Below is a listing to copy exactly; no image goes into the copy.

Given information START

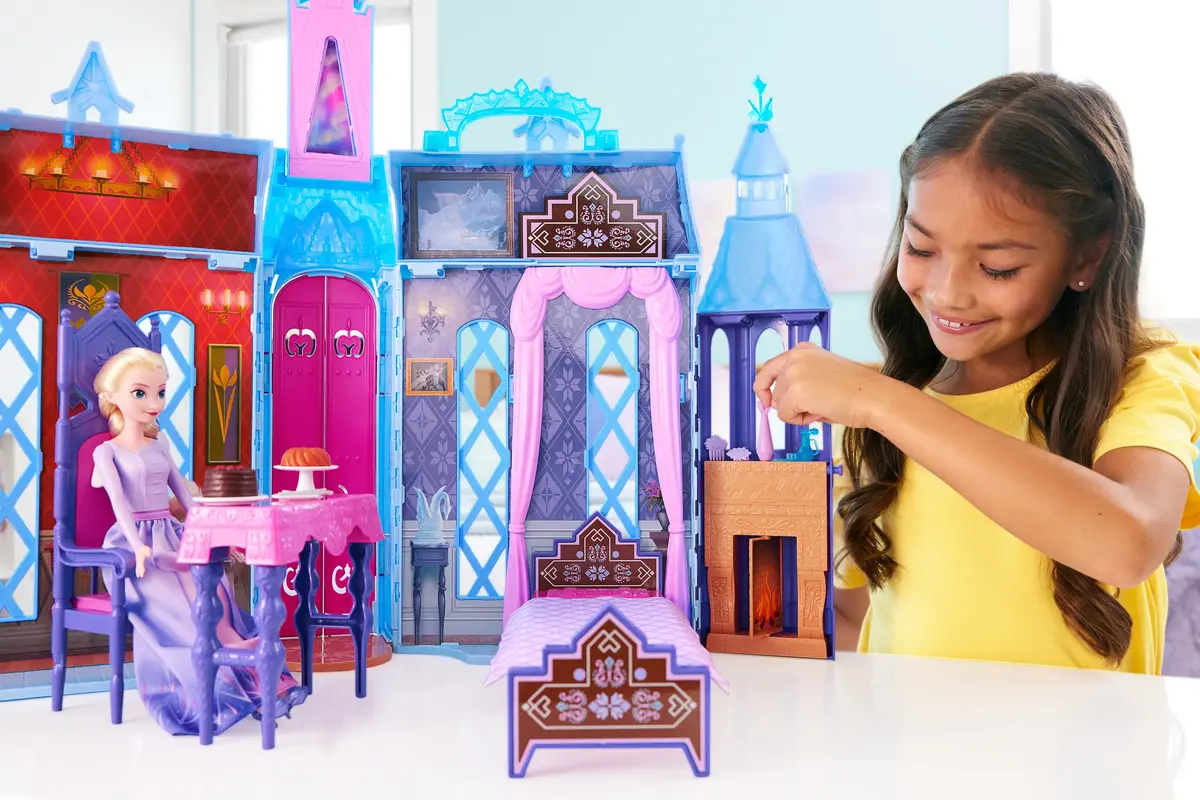 MATTEL Disney Frozen Arendelle Castle with Elsa Doll Photo 2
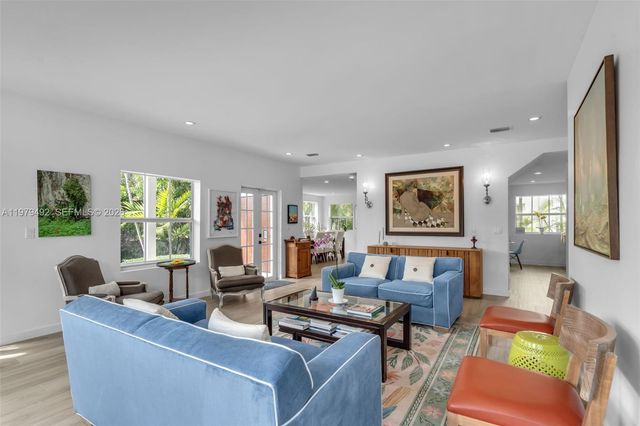 707 W 54th Street, Miami Beach, FL 33140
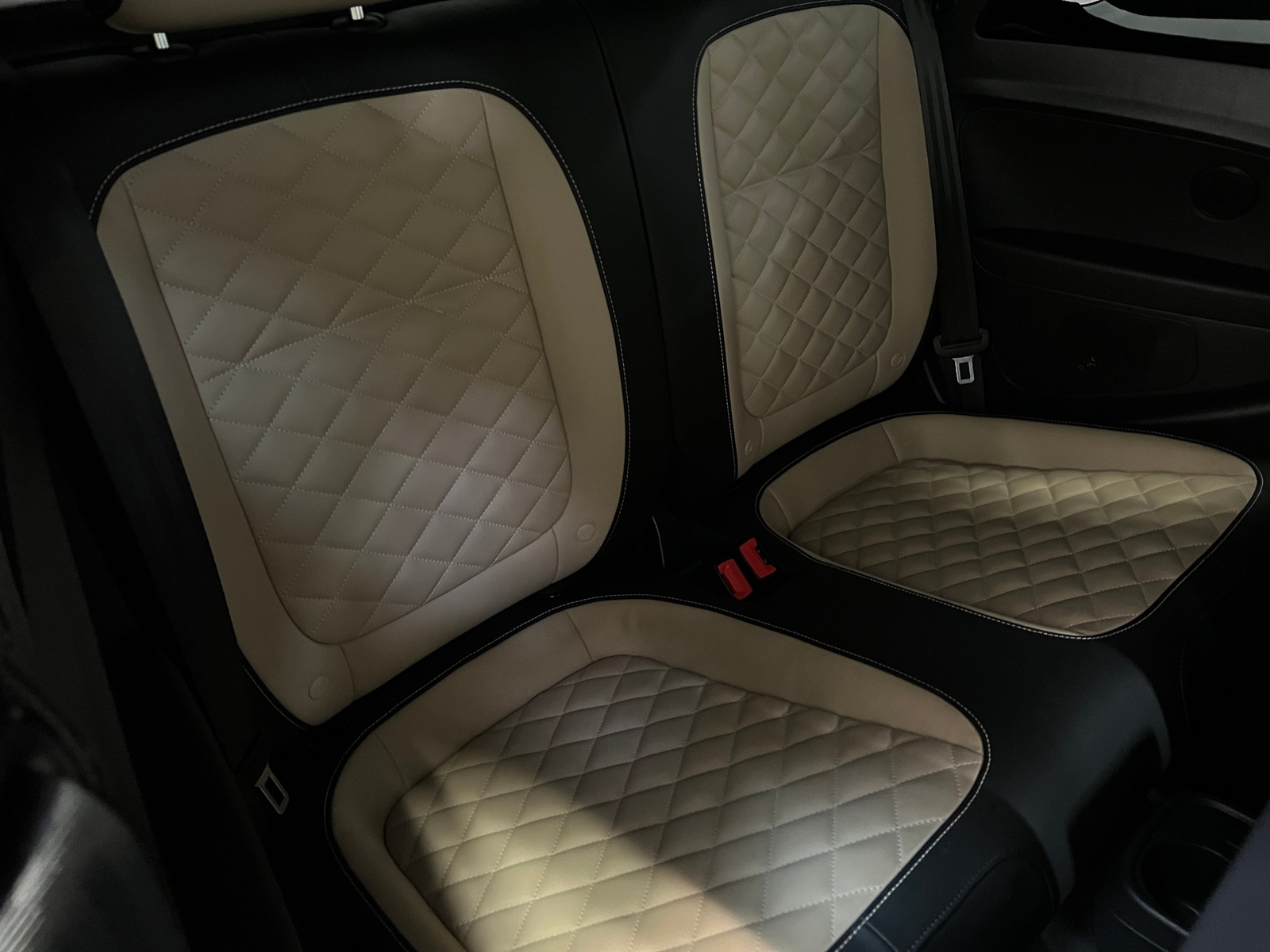 Thumbnail: 2019 Volkswagen Beetle - 5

Given information END

Response area>
 MATTEL Disney Frozen Arendelle Castle with Elsa Doll Photo 2
 707 W 54th Street, Miami Beach, FL 33140
 Thumbnail: 2019 Volkswagen Beetle - 5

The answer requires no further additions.